Fable II: Knothole Island
Upon first arriving at Fable II’s snow-drenched Knothole Island you learn that its inhabitants are having a fair few problems with the weather. Their lands are enchanted somewhat, with their personal meteorology influenced directly by various shrines dotted around the land: three, to be precise. Your character, naturally, has to roam around each of these shrines, killing monsters, recovering artefacts and getting a feel for each of the few new characters on the island before making – as is customary with Fable – a choice that has a substantial hit on your morality. So far, so Fable.
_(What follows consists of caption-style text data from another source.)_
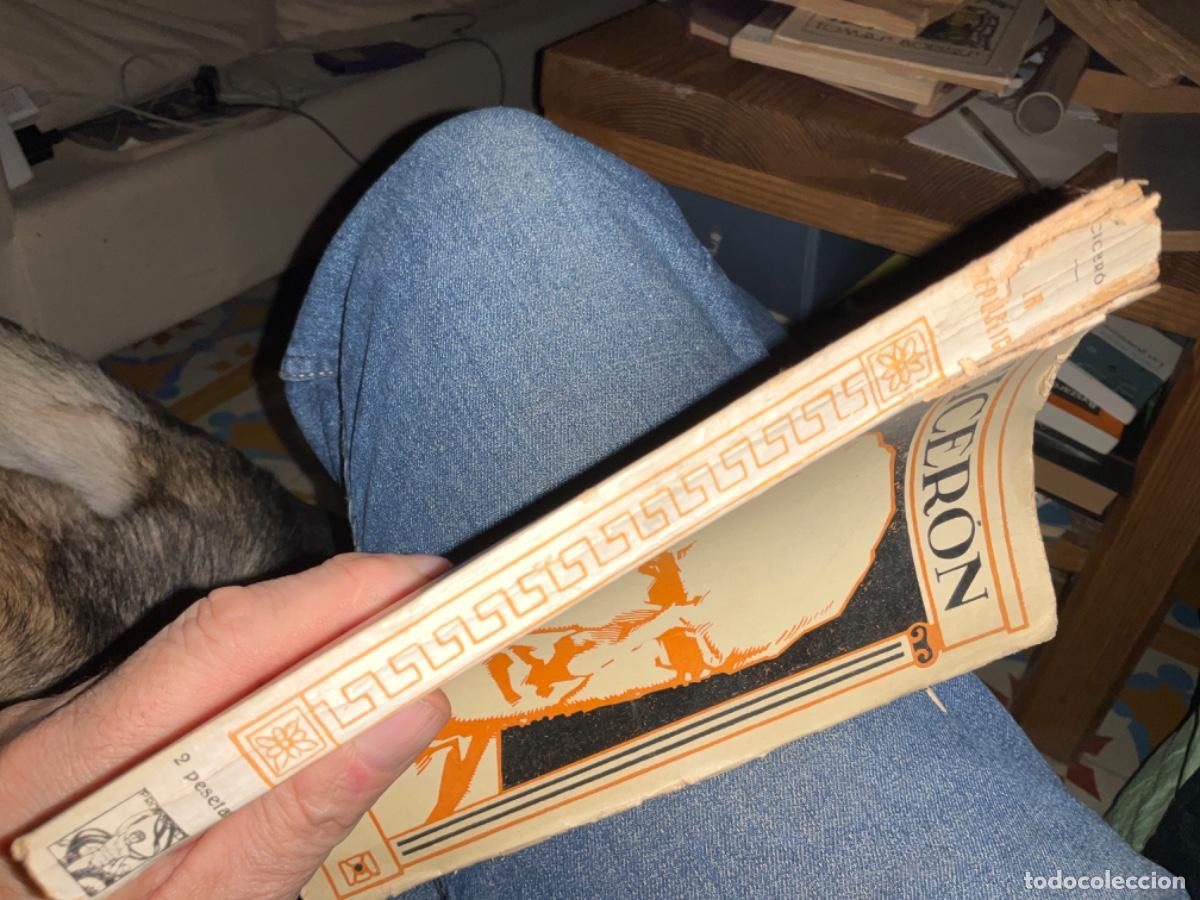Libros de segunda mano: La rep&uacute;blica - Las paradojas - Cicer&oacute;n - Foto 2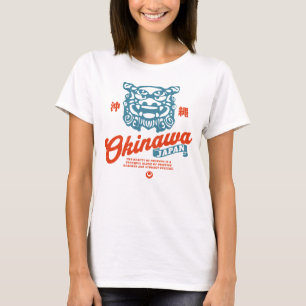 Camiseta Okinawa, Japan City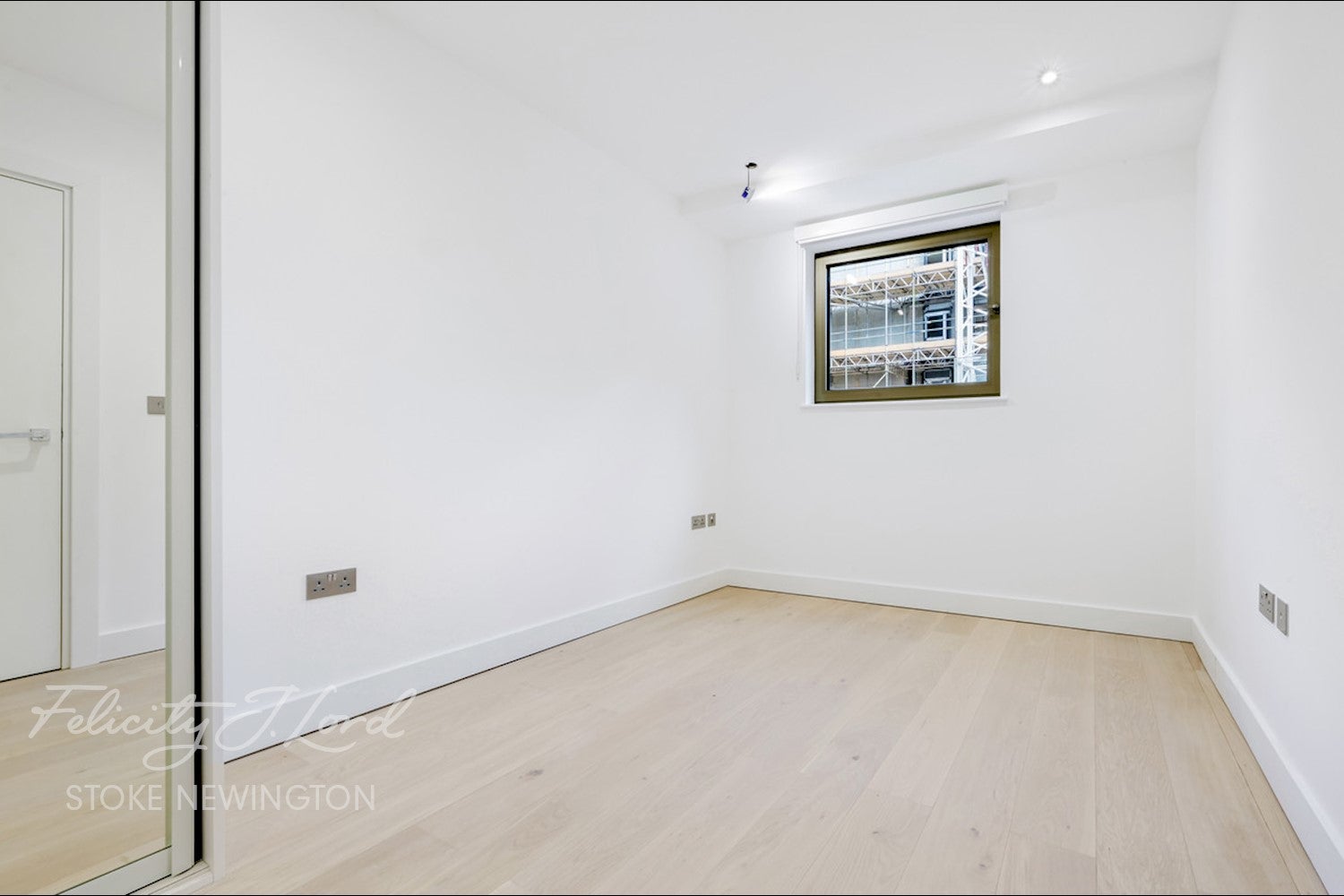 Flat Trego Road in London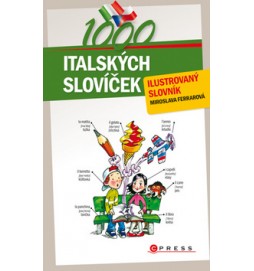 1000 italských slovíček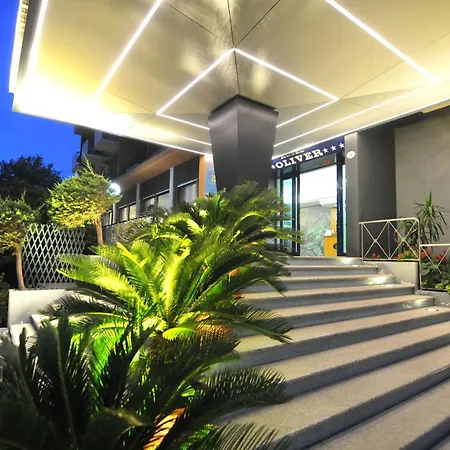 Hotel Oliver 3*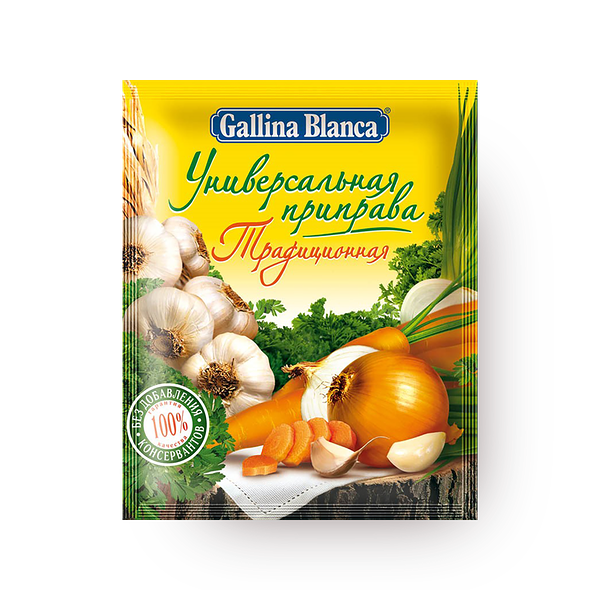 Приправа универсальная Gallina Blanca Традиционная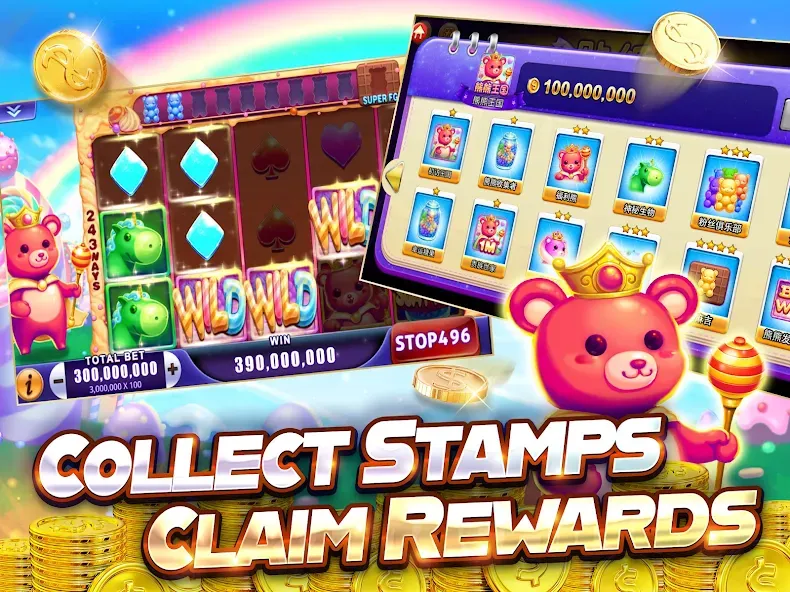 Let's Vegas Slots-Casino Slots screenshot 15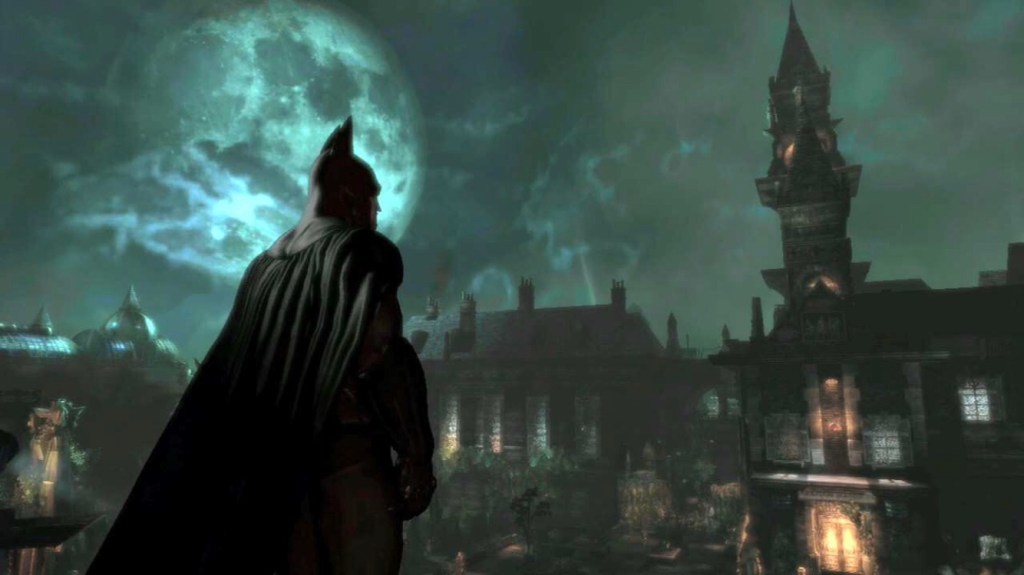 Batman Arkham Asylum vs Assassin’s Creed II which game was&nbsp;better?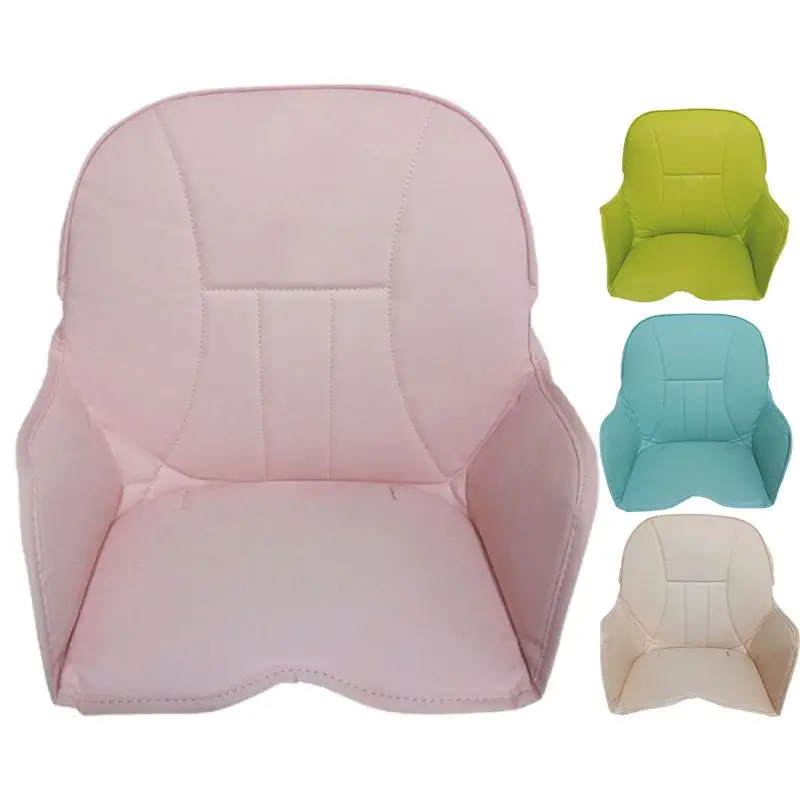 Confortável Highchair Cushion Pad para Crianças, Assentos Booster, Cadeira de Alimentação, Assento na Pad, Stroller Mat, Acessórios
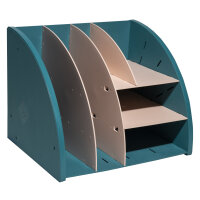 Exacompta Tischorganizer Skandi 36 x 29,5 x 29,5 cm (B x...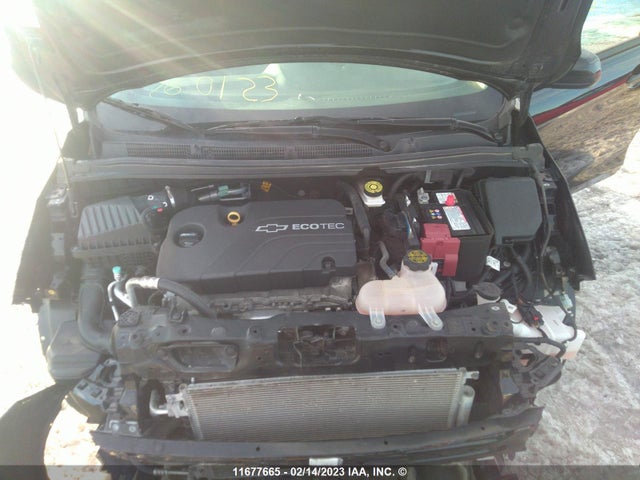 Chevrolet SPARK 1LT 2021 KL8CD6SAXMC706643 Image 10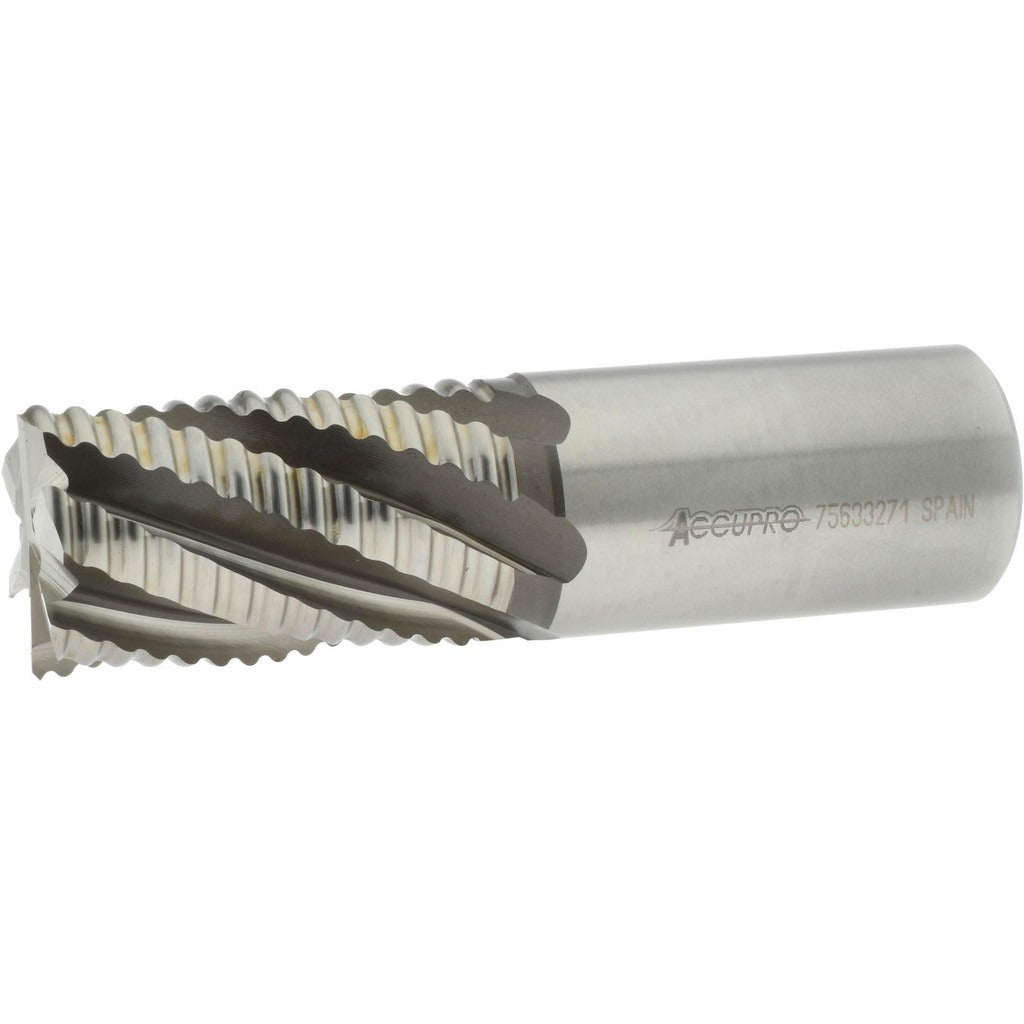 ACCUPRO Accupro 35296 Corner Chamfer End Mill 1.25in 6 Flute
If my description of the first DLC pack for last year’s stellar RPG reads like it’s merely a quest by numbers it’s because, to some extent, it is. Knothole Island’s creativity leaves much to be desired, with many of the more ingenious quests of the main game being much more interesting to play than the one’s offered up here. And in a particularly obvious attempt at padding out the length of the comparatively limited content, the village chief makes you endure pointless toing and froing to unearth keys needed to enter the aforementioned shrines in the first place. But perhaps I’m being too harsh: Knothole Island is home to three intricate, well-designed dungeons, and there are a couple of hours of decent, wholesome content and visual variety contained within.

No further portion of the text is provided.